Earlier this month Collin Anderson at Access published a whitepaper on the new Wassenaar controls relating to "intrusion software."
The whitepaper takes the position that the exchange of exploits and vulnerability information across borders is completely outside of the scope of what is controlled by Wassenaar. The whitepaper asserts that :
Exploitation is not concomitant with Intrusion Software nor is vulnerability research necessarily Intrusion Software development.
I'd like to think thats the case, but when I read the Wassenaar text I have trouble reaching the same conclusion. Even if Wassenaar didn't intend to cover vulnerability research, the text they wrote certainly seems to do so. I've come away with the conclusion that the Wassenaar authors may have crafted their policy under an erroneous understanding of how exploitation works.

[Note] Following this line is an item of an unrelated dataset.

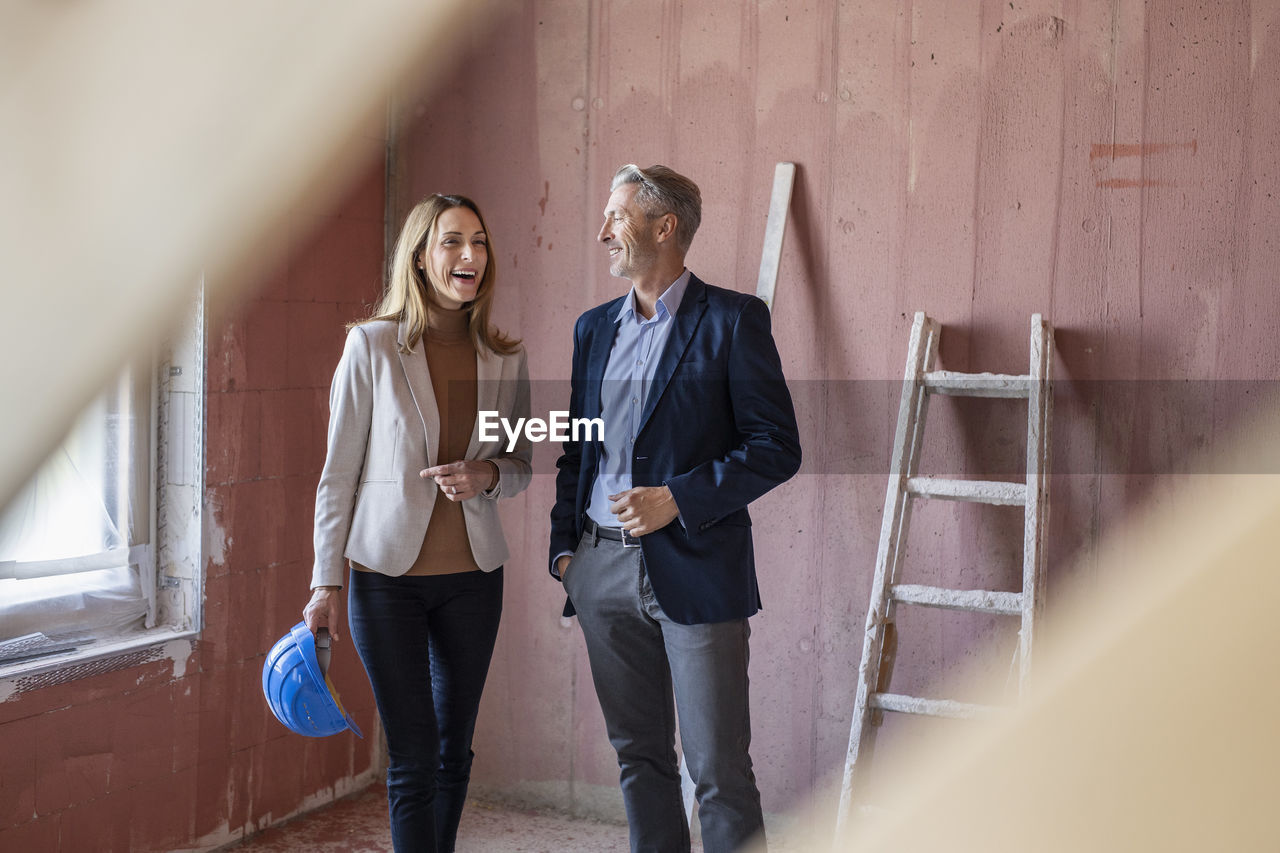 Smiling female colleague discussing with male architect at construction site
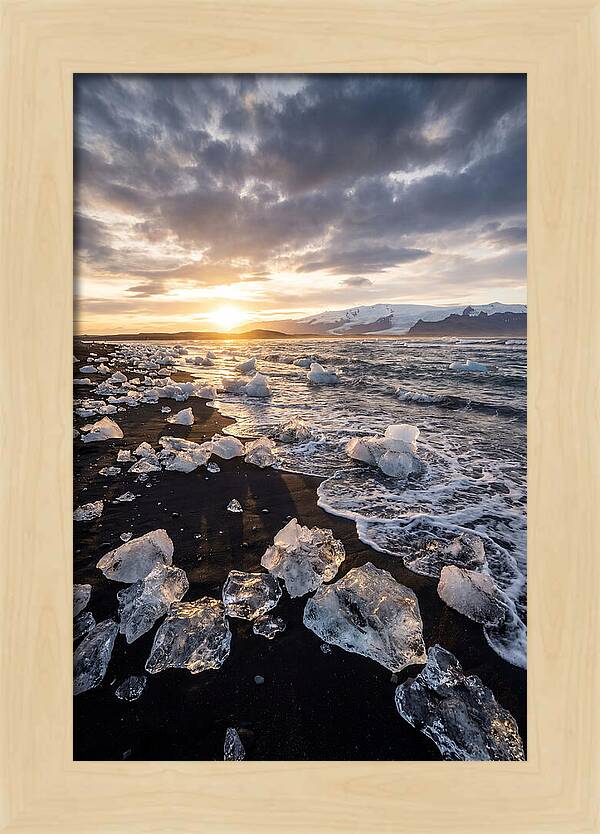 Icebergs At Sunset On Black Sand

Wassenaar defines "Intrusion Software" was follows:
"Software" specially designed or modified to avoid detection by 'monitoring tools', or to defeat 'protective countermeasures', of a computer or network-capable device, and performing... the modification of the standard execution path of a program or process in order to allow the execution of externally provided instructions.
Lets expand that part of defeating 'protective countermeasures' as those are also defined specifically in the Wassenaar text:
"Software" specially designed or modified to defeat techniques designed to ensure the safe execution of code, such as Data Execution Prevention (DEP), Address Space Layout Randomisation (ASLR) or sandboxing, of a computer or network-capable device, and performing... the modification of the standard execution path of a program or process in order to allow the execution of externally provided instructions.
This seems to be a perfect description of an exploit. In fact, I don't think that I could have written a clearer legal definition for "exploit" if I tried.
An exploit is software that modifies the standard execution path of a program in order to allow the execution of externally provided instructions. These days, most operating systems have countermeasures that are designed to make it difficult to write an exploit. Data Execution Prevention (DEP) and Address Space Layout Randomisation (ASLR) are examples of exploit countermeasures. If you're going to write a successful exploit for a modern operating system in this day and age, you have to contend with and defeat those countermeasures most of the time.